→ Data records
....
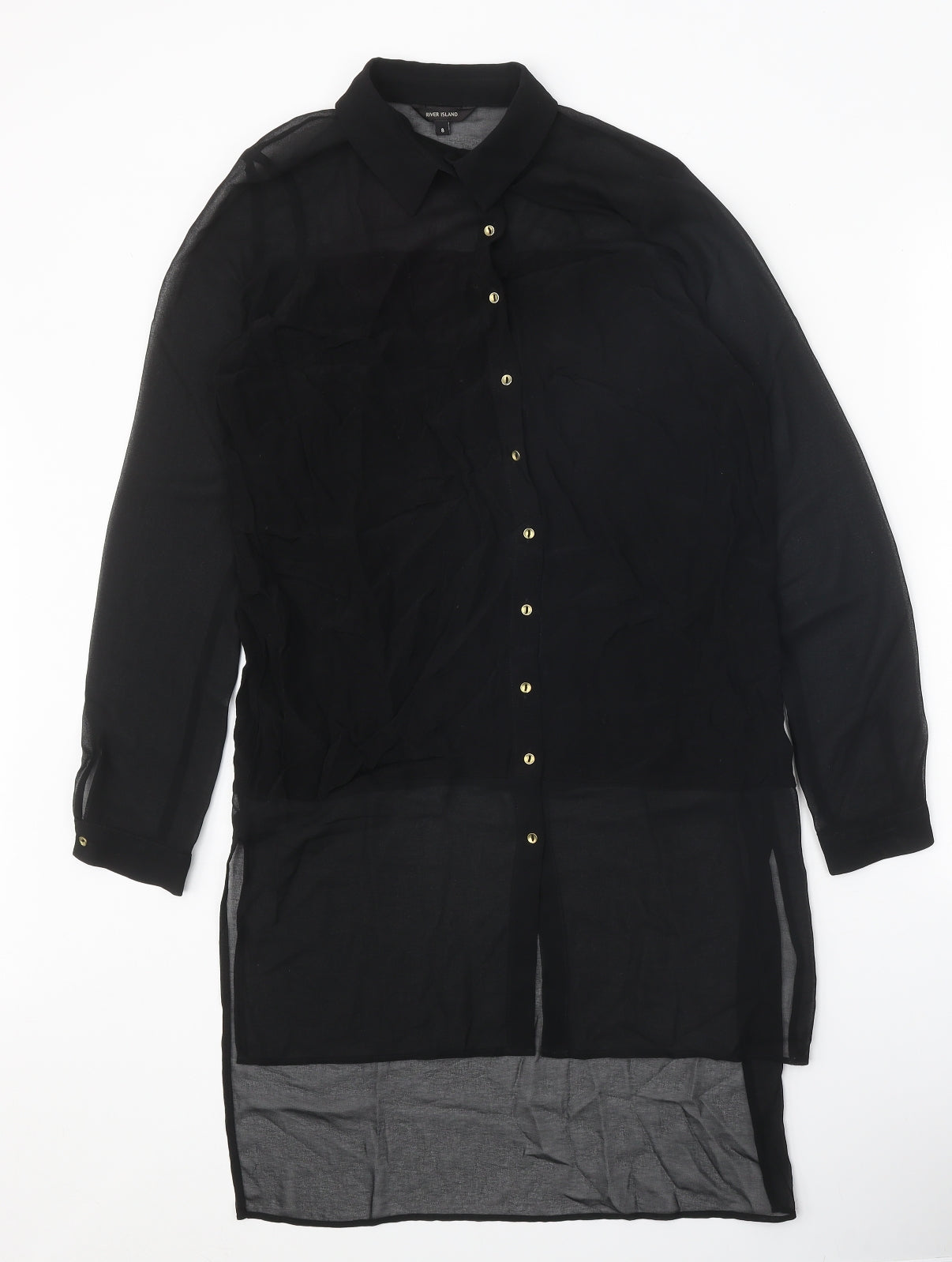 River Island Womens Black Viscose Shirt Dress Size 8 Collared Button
....
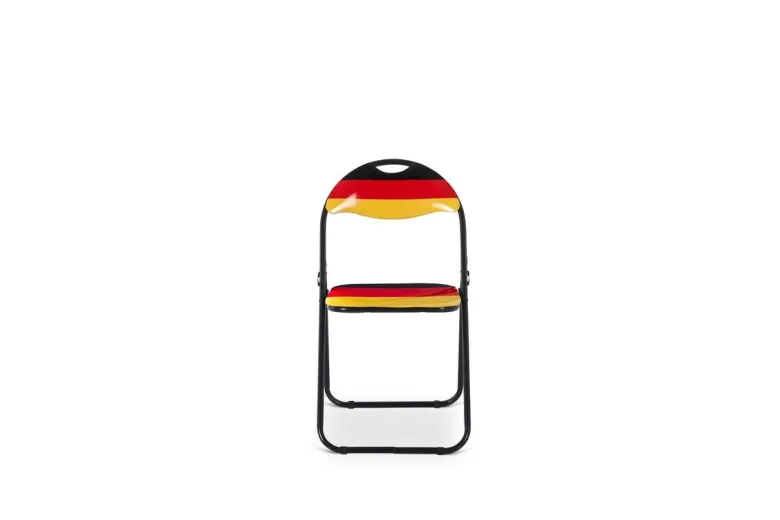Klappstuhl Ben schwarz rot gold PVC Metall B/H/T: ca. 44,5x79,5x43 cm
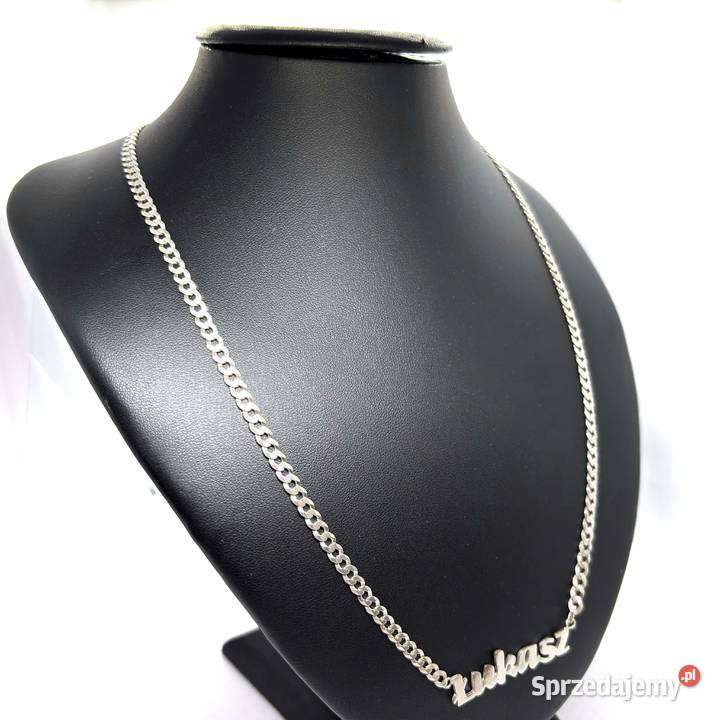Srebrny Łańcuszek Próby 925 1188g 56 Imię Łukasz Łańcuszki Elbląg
....
→ What you will do
Once the line with "Klappstuhl Ben schwarz" has been found above, output that line and every later line exactly, stopping after the line with "Srebrny Łańcuszek Próby", and omit the pictures.

→ Written answer
Klappstuhl Ben schwarz rot gold PVC Metall B/H/T: ca. 44,5x79,5x43 cm
Srebrny Łańcuszek Próby 925 1188g 56 Imię Łukasz Łańcuszki Elbląg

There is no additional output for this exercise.